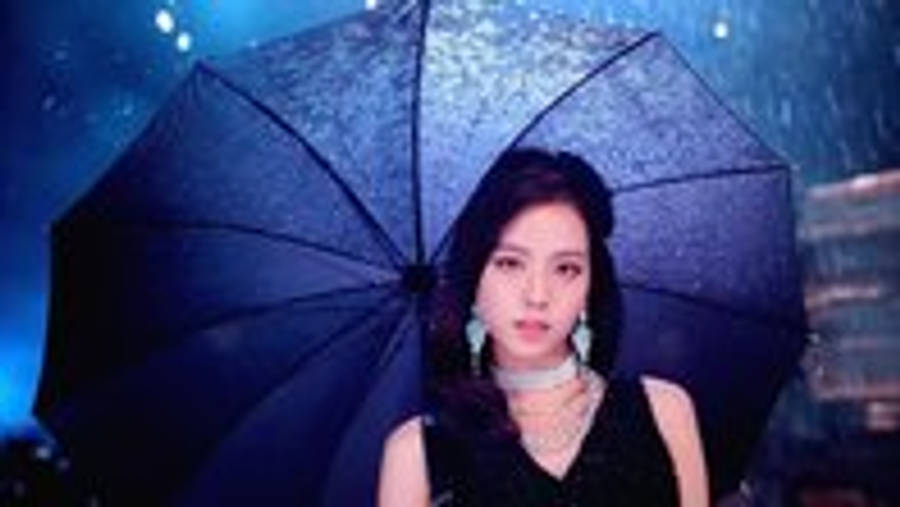Blackpinks Jisoo i musikkvideoen til «Ddu-Du Ddu-Du» Bakgrunner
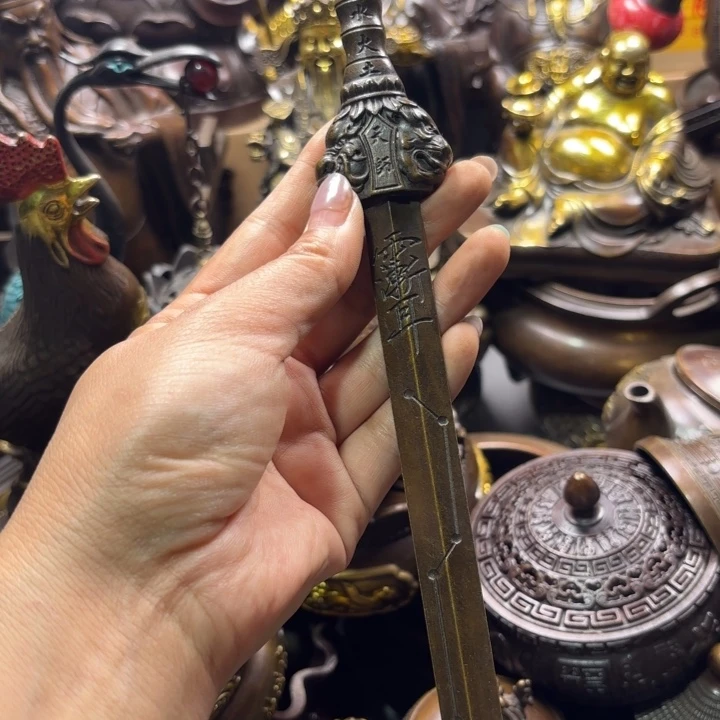 铜器摆件收收藏藏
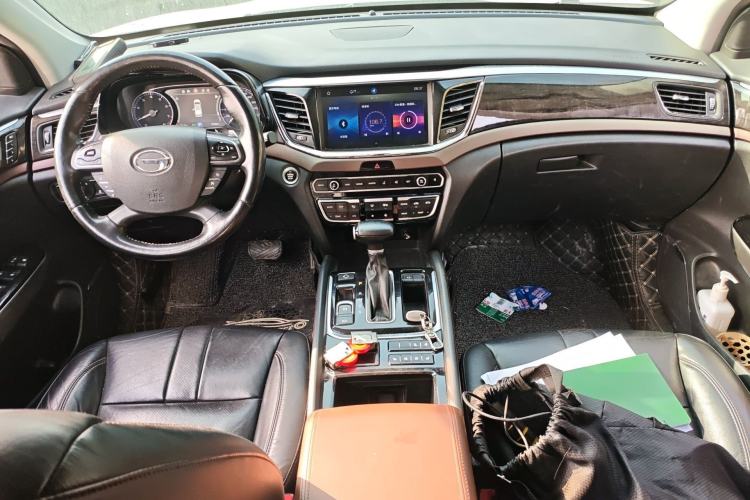 Used GAC Trumpchi GS8 2017 320T Two-Wheel Drive Luxury Smart Connectivity Version (7 Seats)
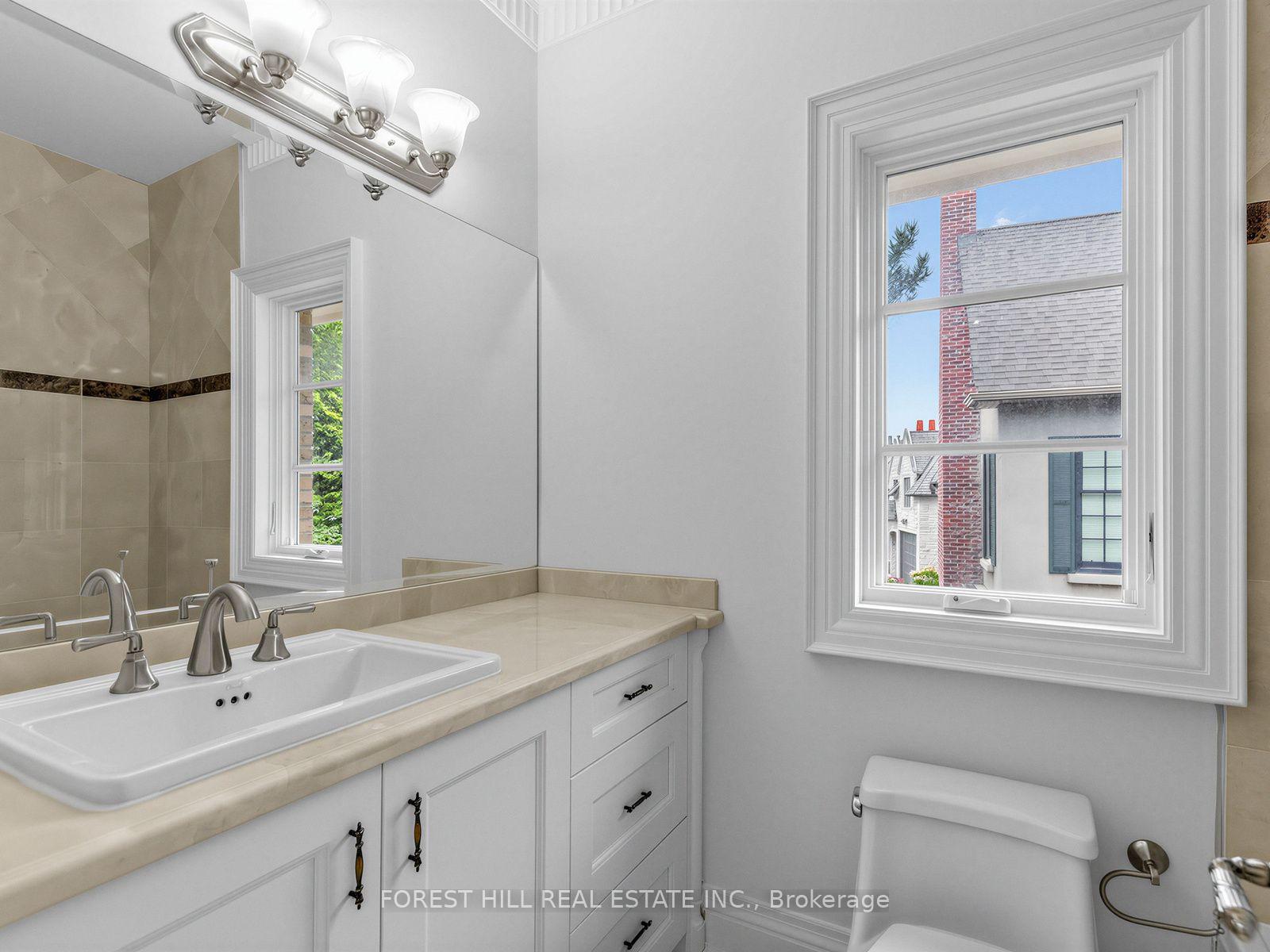 Photo 43 of 1B Carluke Crescent, North York, St. Andrew-Windfields — HOMEH
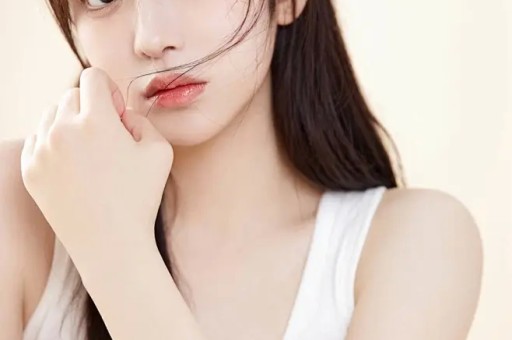 3岁女童在洗浴店摔倒后脑受伤宝妈发帖吐槽反被索赔100万元店方：她拒不删帖疑似敲诈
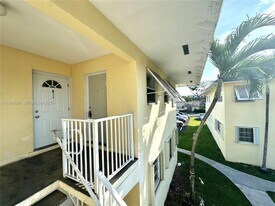 7308 SW 82nd St in Miami, FL - Building Photo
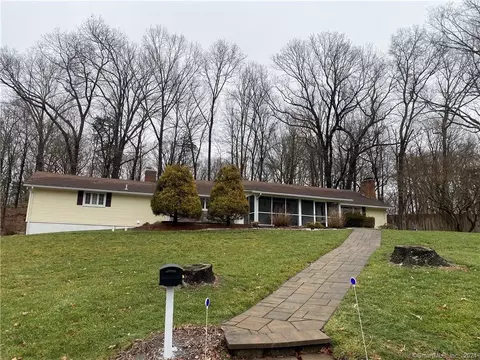 80 Willowcrest Drive Dr, Hamden, CT 06518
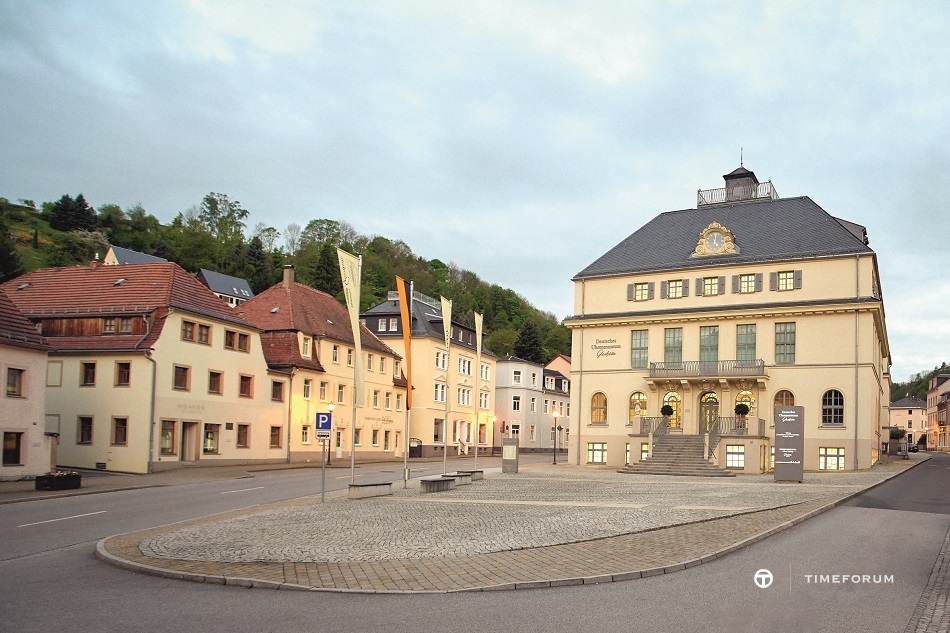 Outside_German_Watch_Museum_Glashuette.jpg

· · ·

- [Directions for this task]:
The answer should consist solely of the lines from the one containing "3岁女童在洗浴店摔倒后脑受伤" through the last line of the material, copied exactly, with pictures left out.

- [Solution to the exercise]:
 3岁女童在洗浴店摔倒后脑受伤宝妈发帖吐槽反被索赔100万元店方：她拒不删帖疑似敲诈
 7308 SW 82nd St in Miami, FL - Building Photo
 80 Willowcrest Drive Dr, Hamden, CT 06518
 Outside_German_Watch_Museum_Glashuette.jpg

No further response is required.